First, my colleagues say, id., that the risk of injustice to the government is virtually nil, be*1219cause only resentencing, not retrial, is involved. I agree that the cost in Scott — a new trial — was substantially greater. But aside from time, money, and effort which must be expended if Cowan’s sentence is vacated, he will have to be sentenced by a judge who did not preside over the trial, and who will have far less familiarity with him than Judge Walton had. See Super.Ct. Crim.R. 25(b); Gaffney v. United States, 421 A.2d 924, 930-31 (D.C.1980), cert. denied, 451 U.S. 941, 101 S.Ct. 2026, 68 L.Ed.2d 330 (1981). (Ironically, Cowan implied that he wanted to be sentenced by a judge who knew him, and it was his complaint that Judge Walton did not know him that precipitated the problem in this case.) A real benefit — sentencing by the judge who knows the most about the defendant — will thus be sacrificed solely for the sake of appearances.
Second, according to the majority, "Cowan will never be as sure as we are that the impression conveyed at sentencing was not prejudicial to him.” Maj. op. at 1215. The propriety of vacating Cowan’s sentence is not dependent, however, on my colleagues’ speculation as to what he may or may not believe.
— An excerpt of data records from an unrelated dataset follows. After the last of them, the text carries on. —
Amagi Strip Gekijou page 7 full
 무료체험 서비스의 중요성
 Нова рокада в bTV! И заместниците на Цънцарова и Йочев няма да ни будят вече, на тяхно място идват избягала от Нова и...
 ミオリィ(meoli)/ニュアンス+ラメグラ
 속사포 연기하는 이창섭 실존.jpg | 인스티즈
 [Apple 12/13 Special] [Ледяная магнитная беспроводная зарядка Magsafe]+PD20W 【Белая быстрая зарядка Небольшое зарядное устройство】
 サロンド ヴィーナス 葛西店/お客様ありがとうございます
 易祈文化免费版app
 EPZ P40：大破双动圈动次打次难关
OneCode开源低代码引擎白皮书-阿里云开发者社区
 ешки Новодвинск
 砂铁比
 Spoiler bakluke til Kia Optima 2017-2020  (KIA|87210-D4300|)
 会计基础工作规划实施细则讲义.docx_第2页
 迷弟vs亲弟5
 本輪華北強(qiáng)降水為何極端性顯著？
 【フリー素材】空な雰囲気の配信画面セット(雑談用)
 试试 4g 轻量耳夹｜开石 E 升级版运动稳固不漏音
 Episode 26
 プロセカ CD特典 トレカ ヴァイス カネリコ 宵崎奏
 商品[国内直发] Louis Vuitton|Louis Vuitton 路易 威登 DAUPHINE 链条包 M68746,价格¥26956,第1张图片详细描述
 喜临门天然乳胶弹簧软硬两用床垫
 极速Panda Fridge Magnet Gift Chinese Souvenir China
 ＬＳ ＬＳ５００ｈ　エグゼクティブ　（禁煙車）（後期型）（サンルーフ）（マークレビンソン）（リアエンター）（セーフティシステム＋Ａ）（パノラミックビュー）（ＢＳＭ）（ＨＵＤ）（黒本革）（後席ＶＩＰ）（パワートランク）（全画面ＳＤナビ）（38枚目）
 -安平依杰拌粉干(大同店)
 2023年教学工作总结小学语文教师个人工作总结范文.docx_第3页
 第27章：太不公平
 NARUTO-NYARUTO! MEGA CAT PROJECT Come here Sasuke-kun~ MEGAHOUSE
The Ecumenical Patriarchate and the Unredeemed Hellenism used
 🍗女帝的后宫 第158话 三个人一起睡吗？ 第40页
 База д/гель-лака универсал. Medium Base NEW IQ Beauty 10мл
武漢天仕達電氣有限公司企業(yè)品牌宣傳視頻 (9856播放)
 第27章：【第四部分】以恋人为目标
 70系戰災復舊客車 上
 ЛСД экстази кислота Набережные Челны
Rather, it turns on how an “objective, disinterested observer fully informed of the facts” would view the situation. Pepsico, Inc. v. McMillen, 764 F.2d 458, 460 (7th Cir.1985); accord, Scott, supra, 559 A.2d at 750.
Third, according to my colleagues, there is a risk that "unless failure to disclose such ex parte communications has consequences, judges may relax their guards against appearances of impropriety.” Maj. op. at 1215. But the publication of an opinion in which the court holds that the judge violated the Code of Judicial Conduct, albeit inadvertently, surely provides adequate deterrence; I do not see how the vacation of the sentence will contribute any additional inhibition. Moreover, I question whether a deterrence rationale is productively invoked where, as here, there was concededly no intentional wrongdoing by the judge.
Finally, my colleagues apprehend that public confidence in the judicial system will be undermined if we do not vacate Cowan’s sentence, because some hypothetical person or persons who may have been present when Cowan was sentenced, and who never learned of the judge’s explanation of the Mayfair Manor conversation, might continue to believe that judges sentence people on the basis of ex parte information. Id. This theory founders on its own logic. If a hypothetical spectator at the trial does not read our opinions, then in most cases he or she will not find out, however we decide the case, that the judgment has been reversed. Accordingly, reversal will not redeem the reputation of the judiciary in that spectator’s eyes. If a spectator does follow the case and does read our opinion, then he or she will learn from the opinion of Judge Walton’s explanation of the ex parte contact and of our resolution of the problem, and that should restore his or her respect for the judicial system whether we affirm or reverse. I suppose that it is theoretically conceivable that someone who does not read this court’s opinion will learn independently that Cowan was resen-tenced, and that this person will conclude that resentencing must have occurred because the ex parte conversation was found to be improper, and therefore develop renewed confidence in the judiciary. I suggest, though, that this eventuality is far too remote to warrant vacating the sentence. I really do not think that we should be remanding cases on the basis of such speculative and illusory possibilities.